I know this has been a change of pace from my usual posts and I hope that you have enjoyed reading it. There is a moral to this article though. No matter what you do, whether it be in politics, business, or sports, you are making history. We all have a legacy and a history that we will one day leave behind. Wouldn’t it be a shame to pass away having never done anything to be remembered for? I know for the most part we will be pretty much forgotten just two or three generations after we are gone. But like Abe Saperstein, the Chicago taylor and Robert May, the Montgomery Ward employee, you never know when something you do or decisions you make might one day bring smiles to the faces of millions the world over. Also, men like George Washington who, through prayer shaped the future of not only a nation but of the world.
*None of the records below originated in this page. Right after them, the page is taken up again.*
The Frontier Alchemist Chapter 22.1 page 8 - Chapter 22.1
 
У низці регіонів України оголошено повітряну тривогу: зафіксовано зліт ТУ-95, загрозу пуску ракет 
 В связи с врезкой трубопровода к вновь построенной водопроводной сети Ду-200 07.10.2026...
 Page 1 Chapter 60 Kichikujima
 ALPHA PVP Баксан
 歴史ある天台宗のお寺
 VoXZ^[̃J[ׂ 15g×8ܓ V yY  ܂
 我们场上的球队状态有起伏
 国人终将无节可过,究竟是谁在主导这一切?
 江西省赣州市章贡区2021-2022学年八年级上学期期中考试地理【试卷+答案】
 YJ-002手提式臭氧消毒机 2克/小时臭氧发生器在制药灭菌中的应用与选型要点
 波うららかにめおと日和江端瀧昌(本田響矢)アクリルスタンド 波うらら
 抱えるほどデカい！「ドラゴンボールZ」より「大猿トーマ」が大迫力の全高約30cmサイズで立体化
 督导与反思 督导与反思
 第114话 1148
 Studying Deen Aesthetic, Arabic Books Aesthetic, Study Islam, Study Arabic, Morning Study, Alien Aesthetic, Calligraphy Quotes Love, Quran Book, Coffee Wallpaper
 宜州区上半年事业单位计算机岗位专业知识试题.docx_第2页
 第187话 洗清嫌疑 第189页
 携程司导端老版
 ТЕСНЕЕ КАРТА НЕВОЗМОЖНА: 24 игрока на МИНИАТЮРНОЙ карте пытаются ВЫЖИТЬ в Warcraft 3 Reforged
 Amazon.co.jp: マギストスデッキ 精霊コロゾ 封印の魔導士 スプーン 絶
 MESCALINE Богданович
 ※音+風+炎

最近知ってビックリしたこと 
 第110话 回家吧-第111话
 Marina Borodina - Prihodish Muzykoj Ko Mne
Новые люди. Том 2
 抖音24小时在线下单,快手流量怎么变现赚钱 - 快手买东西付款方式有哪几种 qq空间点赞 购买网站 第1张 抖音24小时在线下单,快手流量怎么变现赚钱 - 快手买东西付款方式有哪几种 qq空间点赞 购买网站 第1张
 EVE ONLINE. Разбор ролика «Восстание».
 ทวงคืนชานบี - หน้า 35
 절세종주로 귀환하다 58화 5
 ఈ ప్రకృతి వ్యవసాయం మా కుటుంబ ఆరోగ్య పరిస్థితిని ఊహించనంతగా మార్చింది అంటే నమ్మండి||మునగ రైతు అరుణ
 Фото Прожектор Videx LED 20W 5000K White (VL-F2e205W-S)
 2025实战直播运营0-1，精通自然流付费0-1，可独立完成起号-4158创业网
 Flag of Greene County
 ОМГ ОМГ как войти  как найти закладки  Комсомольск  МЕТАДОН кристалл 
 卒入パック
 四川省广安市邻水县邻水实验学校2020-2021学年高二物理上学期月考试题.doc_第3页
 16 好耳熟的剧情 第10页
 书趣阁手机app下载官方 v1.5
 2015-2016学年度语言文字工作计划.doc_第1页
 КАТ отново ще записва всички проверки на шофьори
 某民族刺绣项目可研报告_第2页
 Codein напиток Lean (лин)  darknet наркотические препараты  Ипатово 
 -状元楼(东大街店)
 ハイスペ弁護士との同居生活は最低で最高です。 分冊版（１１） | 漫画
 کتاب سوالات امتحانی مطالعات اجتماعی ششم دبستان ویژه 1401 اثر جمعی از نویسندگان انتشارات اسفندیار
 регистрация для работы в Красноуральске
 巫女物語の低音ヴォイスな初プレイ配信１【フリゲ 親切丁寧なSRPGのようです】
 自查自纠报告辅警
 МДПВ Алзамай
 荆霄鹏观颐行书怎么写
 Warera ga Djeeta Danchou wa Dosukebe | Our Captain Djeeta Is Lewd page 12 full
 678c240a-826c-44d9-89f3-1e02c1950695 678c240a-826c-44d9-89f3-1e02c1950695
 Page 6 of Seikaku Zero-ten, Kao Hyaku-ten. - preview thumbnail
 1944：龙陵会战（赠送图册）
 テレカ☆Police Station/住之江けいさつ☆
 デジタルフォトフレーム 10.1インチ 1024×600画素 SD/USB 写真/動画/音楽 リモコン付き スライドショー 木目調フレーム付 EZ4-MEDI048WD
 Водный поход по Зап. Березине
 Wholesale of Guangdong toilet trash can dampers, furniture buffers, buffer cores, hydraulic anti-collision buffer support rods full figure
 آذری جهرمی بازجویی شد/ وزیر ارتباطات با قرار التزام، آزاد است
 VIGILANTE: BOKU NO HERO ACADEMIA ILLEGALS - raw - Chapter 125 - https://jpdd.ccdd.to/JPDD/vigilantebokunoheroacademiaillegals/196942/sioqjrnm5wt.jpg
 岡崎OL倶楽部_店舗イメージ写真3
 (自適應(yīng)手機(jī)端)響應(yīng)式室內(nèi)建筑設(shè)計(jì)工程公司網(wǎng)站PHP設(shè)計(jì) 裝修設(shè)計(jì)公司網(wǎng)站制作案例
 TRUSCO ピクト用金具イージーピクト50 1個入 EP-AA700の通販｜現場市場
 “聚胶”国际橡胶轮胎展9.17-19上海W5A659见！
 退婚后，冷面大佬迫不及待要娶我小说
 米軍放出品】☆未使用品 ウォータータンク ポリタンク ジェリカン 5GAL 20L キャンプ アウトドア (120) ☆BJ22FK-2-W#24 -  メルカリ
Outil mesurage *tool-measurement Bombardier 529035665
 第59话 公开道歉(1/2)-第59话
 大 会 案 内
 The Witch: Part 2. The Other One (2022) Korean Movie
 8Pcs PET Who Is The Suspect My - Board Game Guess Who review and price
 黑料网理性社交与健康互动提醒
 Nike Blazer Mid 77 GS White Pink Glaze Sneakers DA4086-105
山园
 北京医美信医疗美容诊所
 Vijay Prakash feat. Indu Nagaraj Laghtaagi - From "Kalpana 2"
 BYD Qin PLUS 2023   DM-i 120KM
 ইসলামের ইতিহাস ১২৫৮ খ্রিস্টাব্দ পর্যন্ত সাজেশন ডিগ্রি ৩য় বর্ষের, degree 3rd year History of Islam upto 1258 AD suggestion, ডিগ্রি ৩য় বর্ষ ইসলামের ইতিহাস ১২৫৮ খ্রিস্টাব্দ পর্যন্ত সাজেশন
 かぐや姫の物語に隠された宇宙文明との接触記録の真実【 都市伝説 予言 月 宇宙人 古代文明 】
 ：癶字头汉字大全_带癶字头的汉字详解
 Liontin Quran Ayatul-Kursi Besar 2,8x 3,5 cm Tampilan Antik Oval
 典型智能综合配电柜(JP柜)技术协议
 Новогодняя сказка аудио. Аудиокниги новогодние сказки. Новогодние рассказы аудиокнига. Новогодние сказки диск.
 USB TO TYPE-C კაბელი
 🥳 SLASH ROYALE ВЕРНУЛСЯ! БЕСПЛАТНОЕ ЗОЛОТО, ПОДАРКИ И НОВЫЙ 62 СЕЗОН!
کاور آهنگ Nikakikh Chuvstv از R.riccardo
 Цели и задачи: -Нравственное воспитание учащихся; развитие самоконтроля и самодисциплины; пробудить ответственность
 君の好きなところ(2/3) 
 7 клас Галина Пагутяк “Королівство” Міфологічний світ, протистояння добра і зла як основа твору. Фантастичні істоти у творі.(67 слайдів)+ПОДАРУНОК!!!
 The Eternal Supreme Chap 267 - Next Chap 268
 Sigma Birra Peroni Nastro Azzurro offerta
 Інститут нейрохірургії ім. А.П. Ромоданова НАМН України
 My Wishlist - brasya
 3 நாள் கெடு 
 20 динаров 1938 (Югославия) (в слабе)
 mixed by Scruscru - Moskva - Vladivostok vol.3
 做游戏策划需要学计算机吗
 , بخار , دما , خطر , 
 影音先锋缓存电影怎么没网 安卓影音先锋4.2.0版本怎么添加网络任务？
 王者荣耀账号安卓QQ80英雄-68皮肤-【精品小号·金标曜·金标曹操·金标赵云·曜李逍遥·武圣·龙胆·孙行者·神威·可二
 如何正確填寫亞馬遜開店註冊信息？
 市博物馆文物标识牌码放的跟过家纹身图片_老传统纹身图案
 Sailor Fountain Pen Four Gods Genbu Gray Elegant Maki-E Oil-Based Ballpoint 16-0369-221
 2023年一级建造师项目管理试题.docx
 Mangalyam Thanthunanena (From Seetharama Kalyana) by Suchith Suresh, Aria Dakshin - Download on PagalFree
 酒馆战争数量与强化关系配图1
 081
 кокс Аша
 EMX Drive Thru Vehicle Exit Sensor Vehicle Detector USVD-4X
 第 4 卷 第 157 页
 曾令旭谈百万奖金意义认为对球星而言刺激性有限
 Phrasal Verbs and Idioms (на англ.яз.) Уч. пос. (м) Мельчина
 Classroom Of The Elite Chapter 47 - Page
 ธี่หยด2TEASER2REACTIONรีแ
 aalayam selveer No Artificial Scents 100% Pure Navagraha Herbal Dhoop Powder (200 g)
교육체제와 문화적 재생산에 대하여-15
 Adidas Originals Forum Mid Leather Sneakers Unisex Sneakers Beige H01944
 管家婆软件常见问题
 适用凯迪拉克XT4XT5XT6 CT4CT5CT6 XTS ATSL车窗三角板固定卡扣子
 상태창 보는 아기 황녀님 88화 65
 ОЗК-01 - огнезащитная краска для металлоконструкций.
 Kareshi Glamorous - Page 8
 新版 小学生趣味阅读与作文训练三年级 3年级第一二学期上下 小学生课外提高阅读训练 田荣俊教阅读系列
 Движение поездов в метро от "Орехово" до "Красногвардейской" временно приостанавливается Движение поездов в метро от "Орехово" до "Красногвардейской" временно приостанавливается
As an English surveyor and farmer from Virginia, I am sure he never imagined he would make the impact he has made by the decisions he made. Remember this, even the tallest of skyscrapers start with a single shovel full of dirt. Also, the tallest oak tree started as a little acorn overlooked by deer and squirrels. Lift up your head! You are destined for greatness, even if it is only among those you love. On this day, you will make history for someone. Have a blessed day in the Lord!!!